Exercise data:

[Start of section]

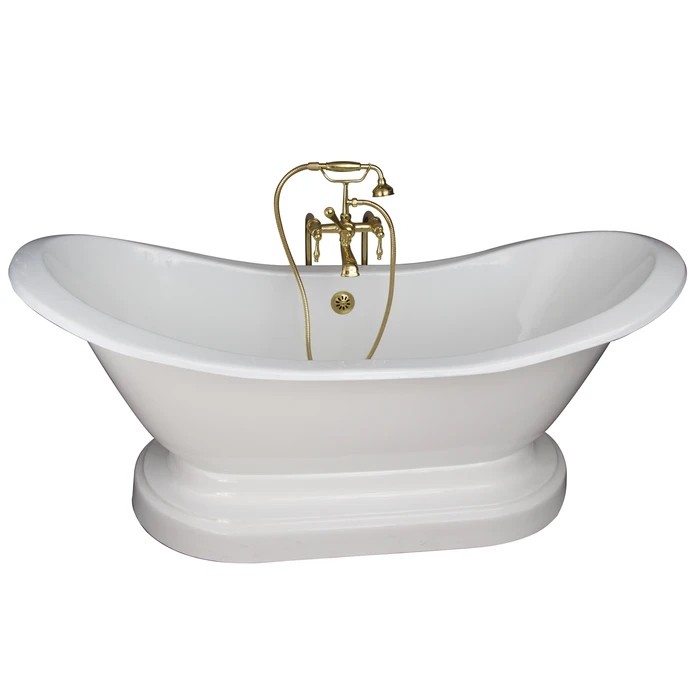 BARCLAY TKCTDSNB-PB3 MARSHALL 72 INCH CAST IRON FREESTANDING SOAKER BATHTUB IN WHITE WITH FINIALS METAL LEVER HANDLE TUB FILLER AND HAND SHOWER IN POLISHED BRASS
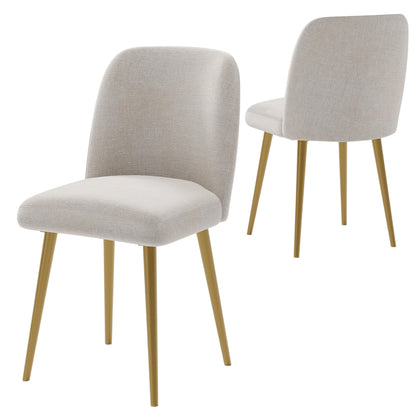 SET OF TWO BEIGE AND GOLD UPHOLSTERED FABRIC DINING SIDE CHAIRS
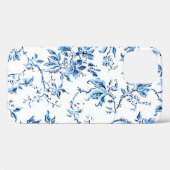 Elegant Delft Blue en White Floral Case-Mate iPhone Case (Achterkant (horizontaal))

[End of section]

Copy only the lines running from the one that holds "SET OF TWO BEIGE" through the last line of the data, and include both of those lines. Do not copy any pictures.

Result of this task:
 SET OF TWO BEIGE AND GOLD UPHOLSTERED FABRIC DINING SIDE CHAIRS
 Elegant Delft Blue en White Floral Case-Mate iPhone Case (Achterkant (horizontaal))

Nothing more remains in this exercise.